It started with a polite letter, weeks ahead of time, announcing that our block would be ripped up so more sewer pipes could be installed. San Francisco gave us a “heads up” before noisy bulldozers, raucous forklifts, and headache-inducing earth compactors invaded our peaceful turf. How thoughtful.
Closer to the start date, “No Parking” signs – those orange and white blossoms of inconvenience – were posted, but they stated that if work had not begun by noon on any given day, parking was allowed.
My fears, born of harsh encounters with NYC jackhammers, began to soften. Enough for me to brave a conversation, one early morning, with handsome, red-haired Steve who came to measure and mark our street before operations began, making our street look like a patient before plastic surgery. I girded my mental loins for battle. I had been there before, with urban street repairmen, and it wasn’t fun.
But young Steve was courteous, almost courtly. He kindly explained to this middle-aged worrier, still in her pajamas and robe, why the work was being done, how it would proceed, that we would still be able to get in and out of our garage and they would even help us do it safely. It was Steve and I, in the morning sun, chatting like neighbors over a back fence. I never wanted to do that with NYC utility guys. Usually, I felt like taking out a small handgun and shooting them.
Driving to Fort Mason one morning, I noticed more streets that were being ripped apart, so I decided to test my theory that S.F. workmen are more helpful and better natured than their Eastern counterparts. Parking at Safeway, I stepped around the wounds in the road and walked up to the boss, Daniel.
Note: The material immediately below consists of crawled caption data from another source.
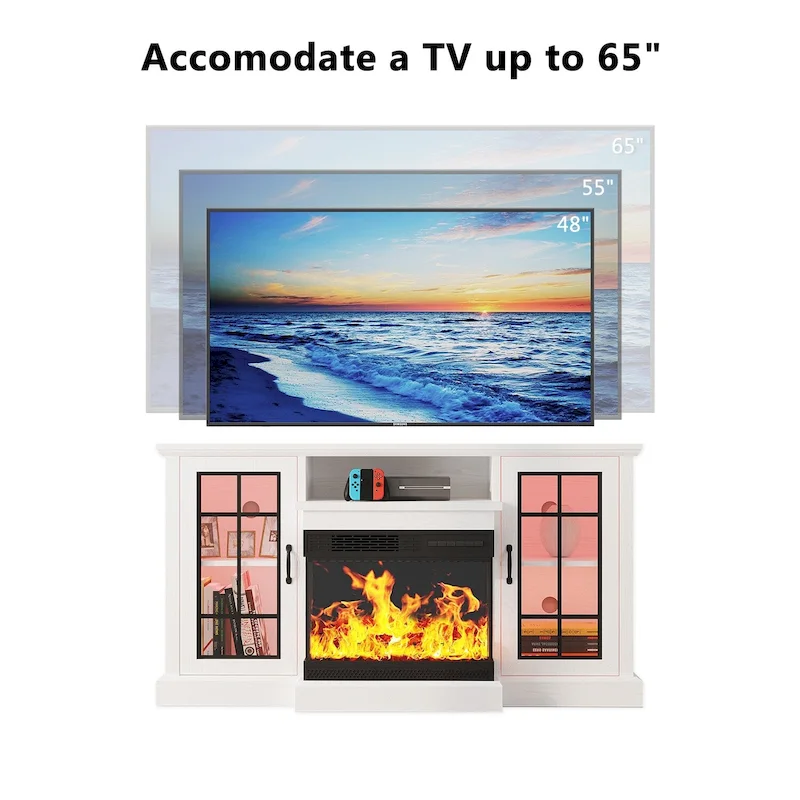 All-Sided Glass Electric Fireplace TV Stand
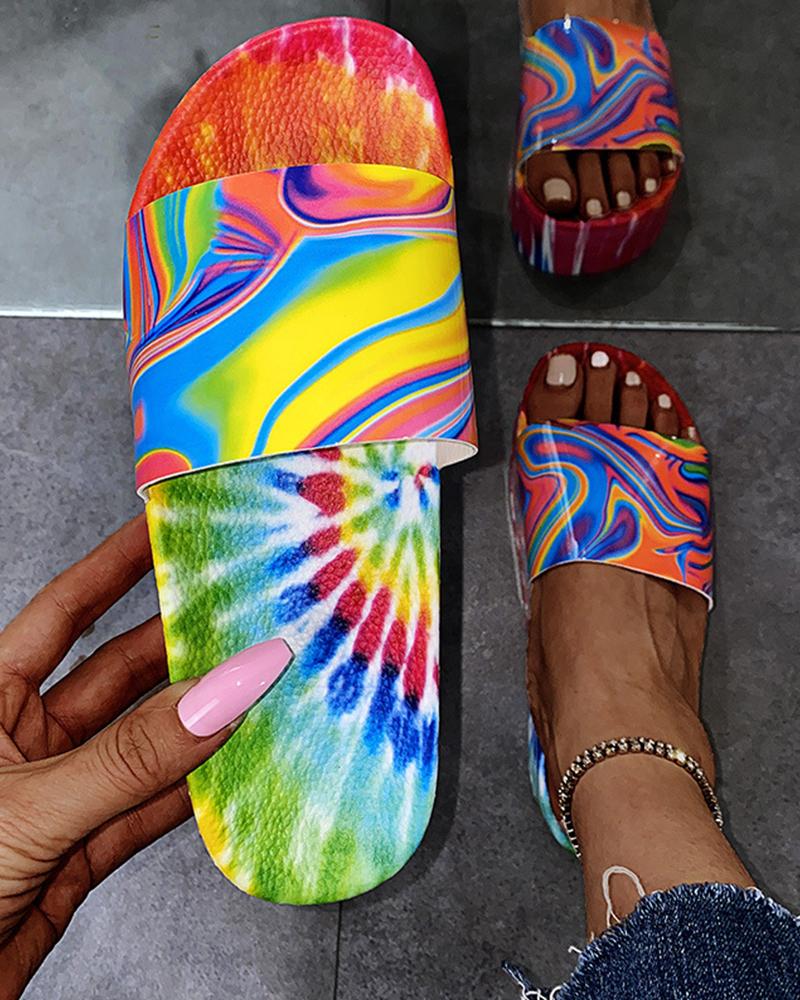 

Round-toe Tie Dye Print Platform Slippers, Orange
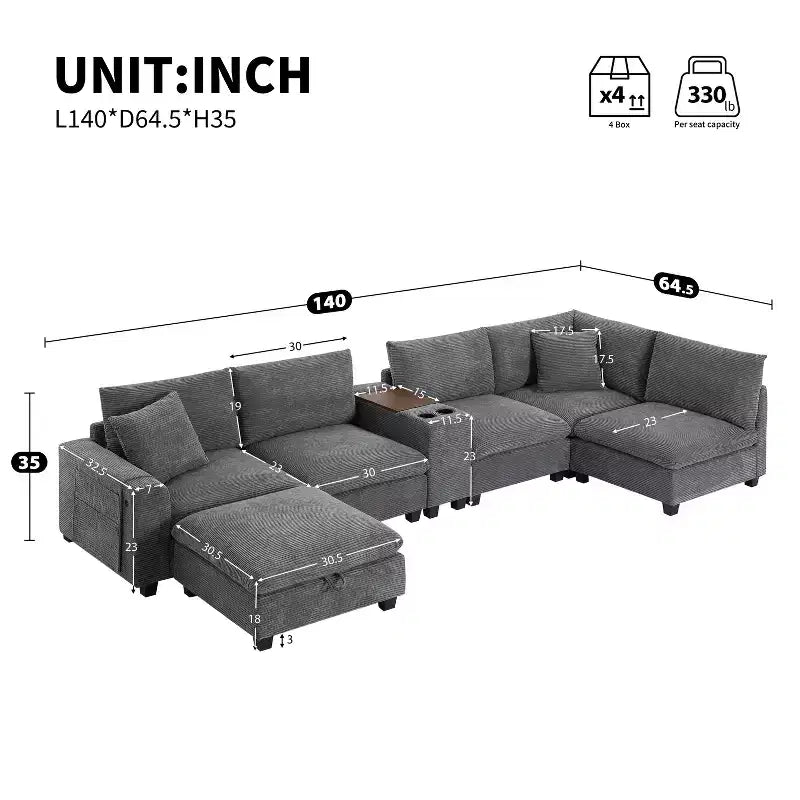 140'' Oversized U-Shaped Modular Sectional Sofa with Ottoman Console USB Charger Cup Holder Storage Corduroy Upholstery 6 Seats for Living Room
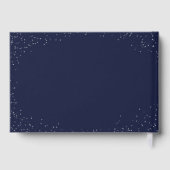 Navy Silver Glitter Elegant Jurk Vrijgezellenfeest Gastenboek (Achterkant)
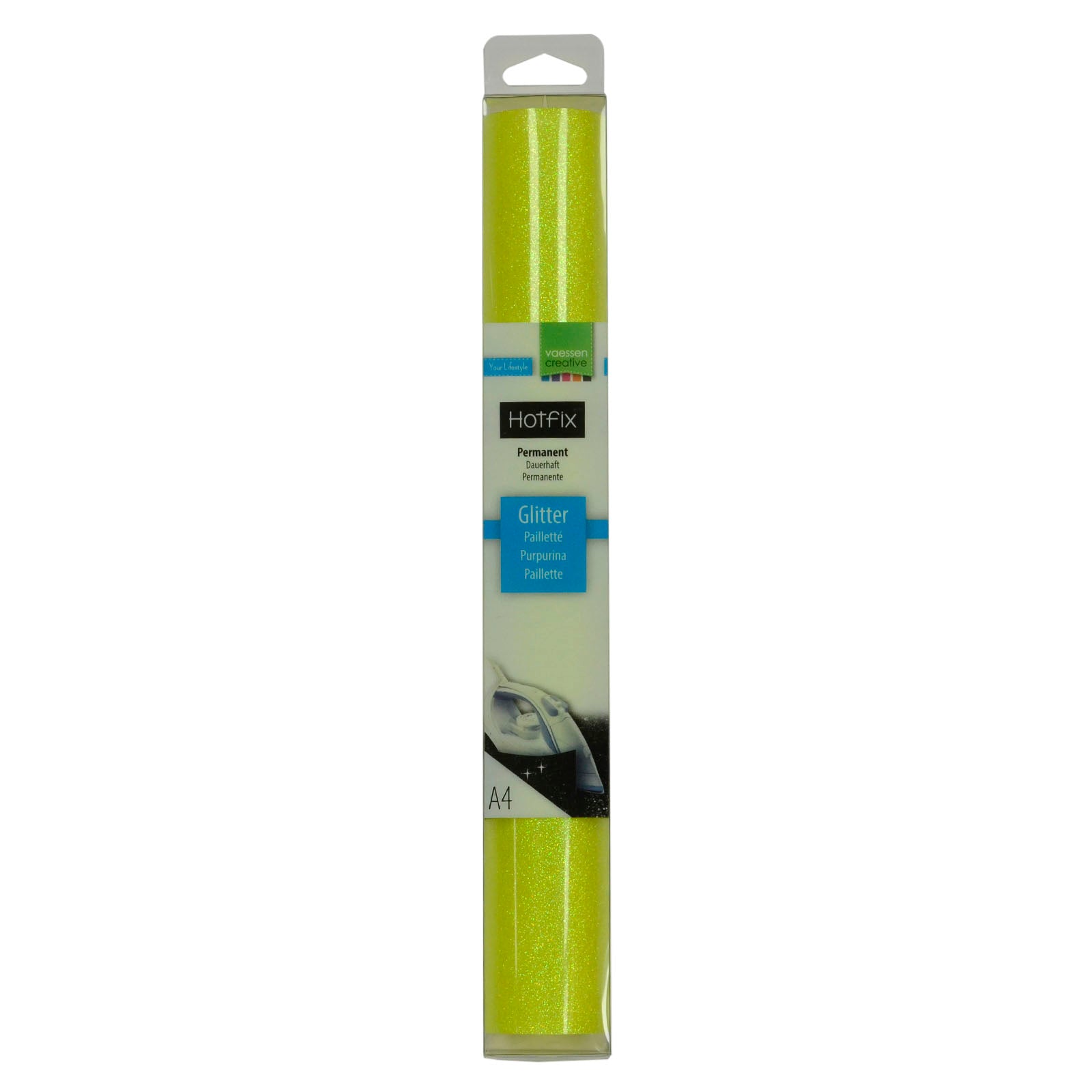Vaessen creative • glitter flex a4 fluor yellow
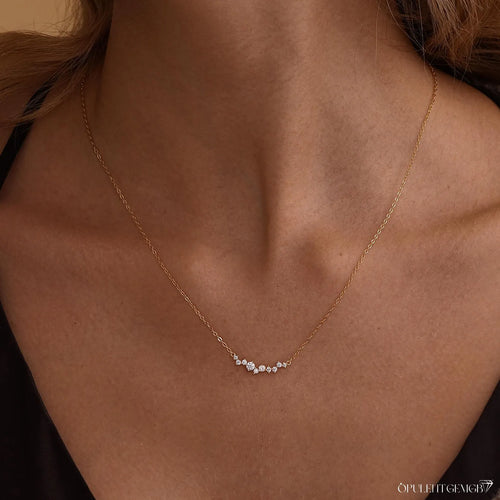 Minimalist Diamond Smile Necklace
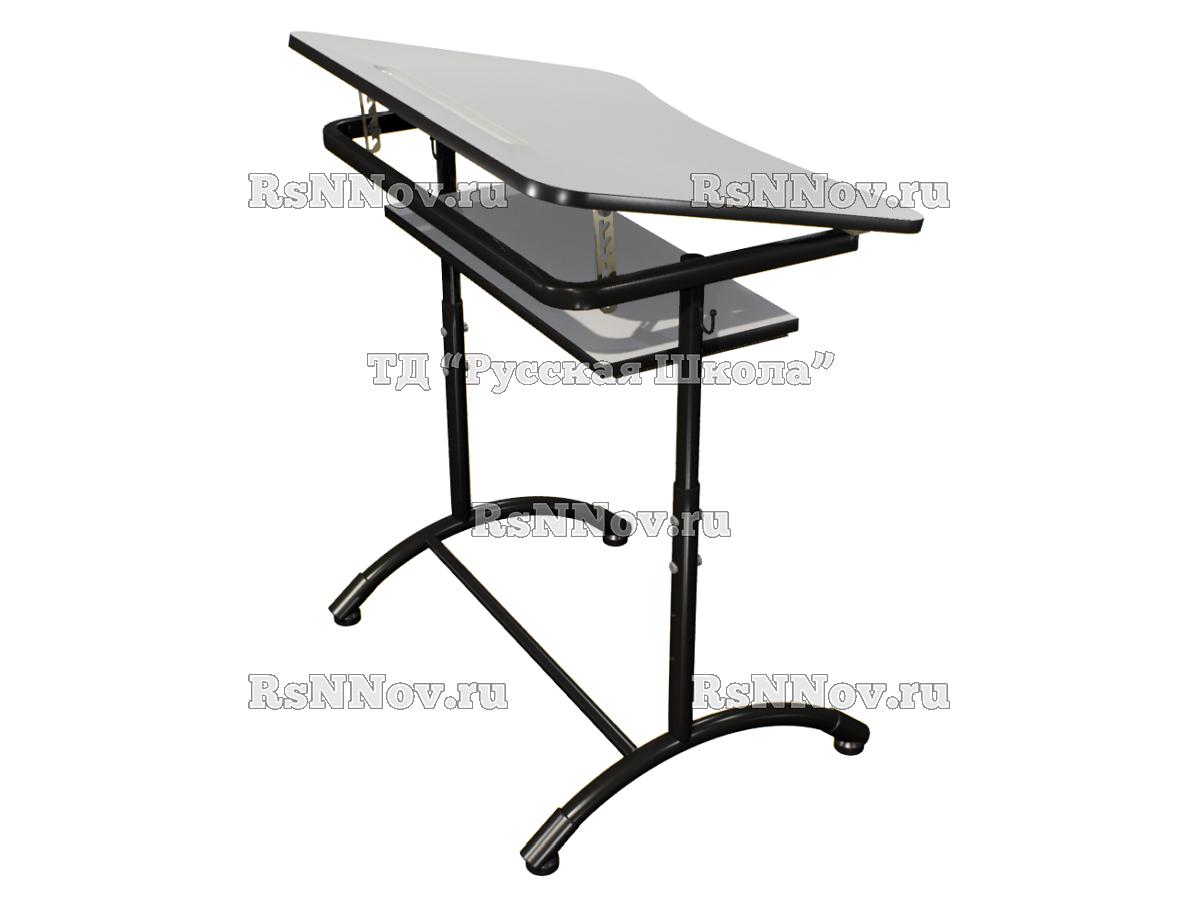 Стол ученический ДЖЕТ 1-мест регулируемый по высоте и углу наклона столешницы 0-15 градусов, с полкой «Точка роста» (гр. 4-6, ст. Серая, кр. Черная, мк. Черный)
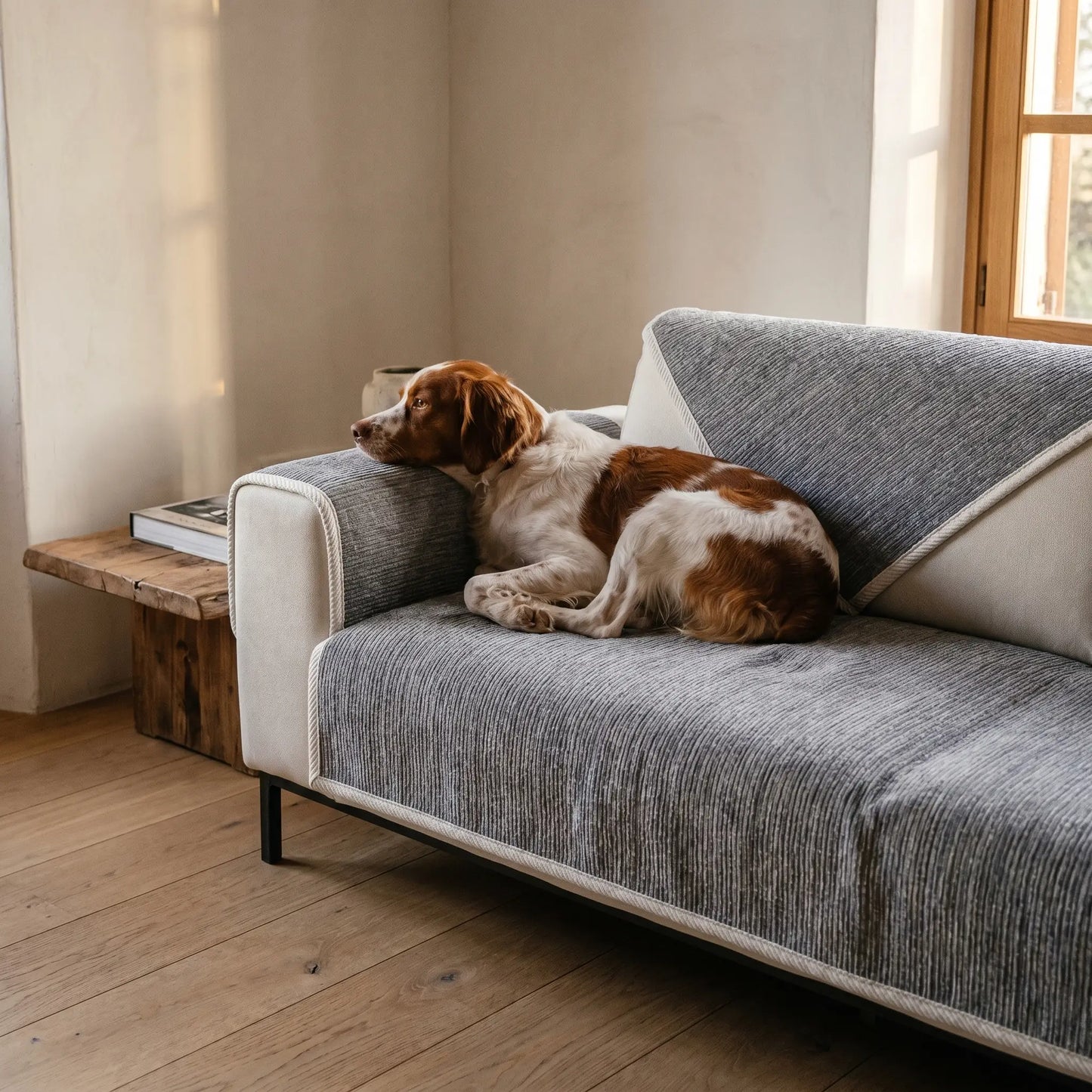Brittany Spaniel settling on the Frith covered sofa
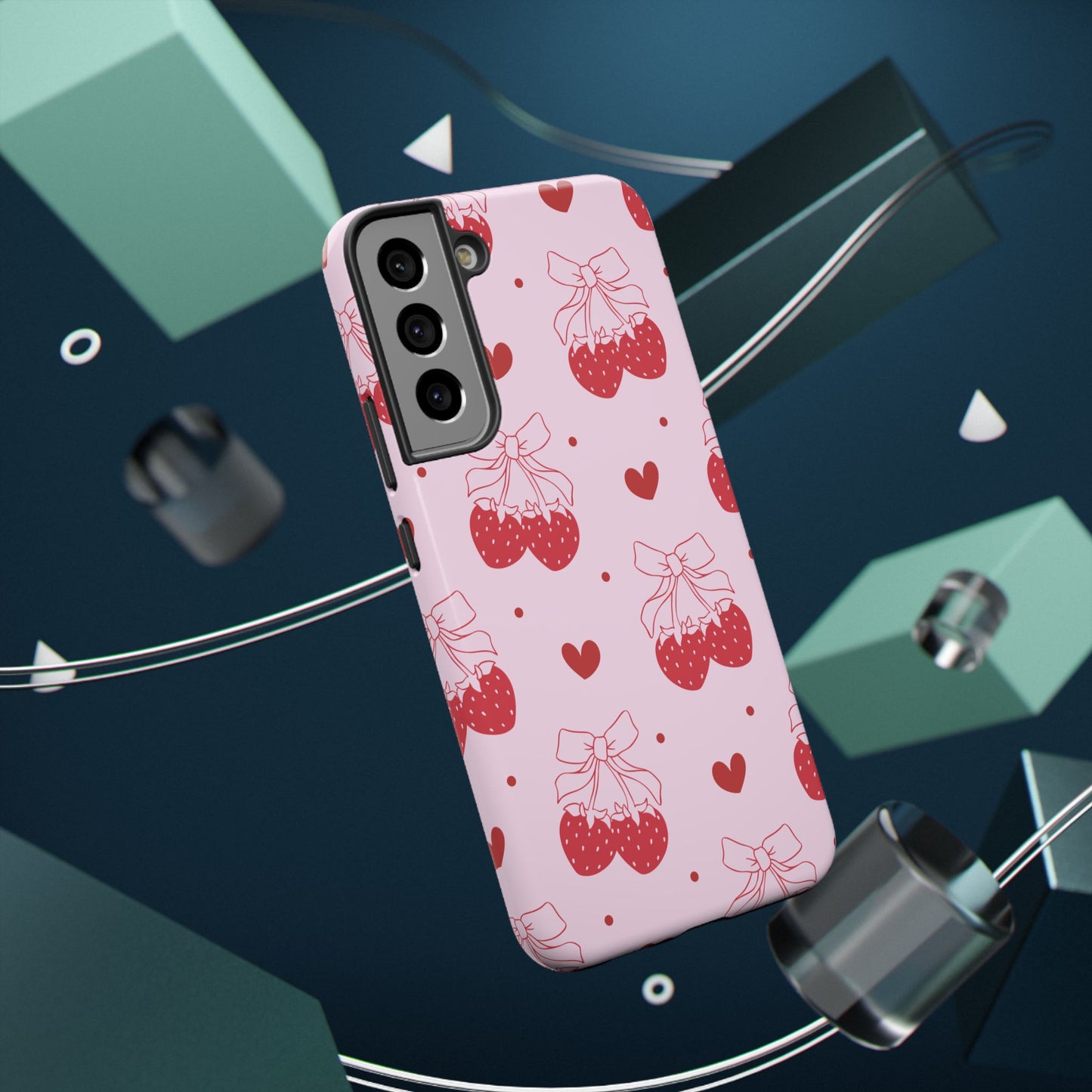 Strawberry Bow Impact-Resistant Phone Case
Daniel turned out to be just as cordial as Steve was! Explaining the work, what would be accomplished, and how long it would take, as if he was trained to take care of the public as carefully as he was taught to dig up roads, he made me feel like I was on another planet where men in hard hats are civilized beings instead of rude jerks.
There’s a thing called the Sunshine Ordinance here, and it’s first line reads, “Government’s duty is to serve the public, reaching its decisions in full view of that public … .” I was looking through the minutes of the May meeting of the Committee for Utility Liaison on Construction and Other Projects because I wanted tell them what a good job Steve, Daniel and their crews were doing, and how nice they’ve been while doing it. I was almost sad to see my boys leave when the job was done. I will especially miss tall, Irish Sean who petted my dogs and told rousing stories.
The minutes also listed the Sunshine Ordinance Task Force folks who attended that May meeting.
Perhaps I will call and invite them for coffee.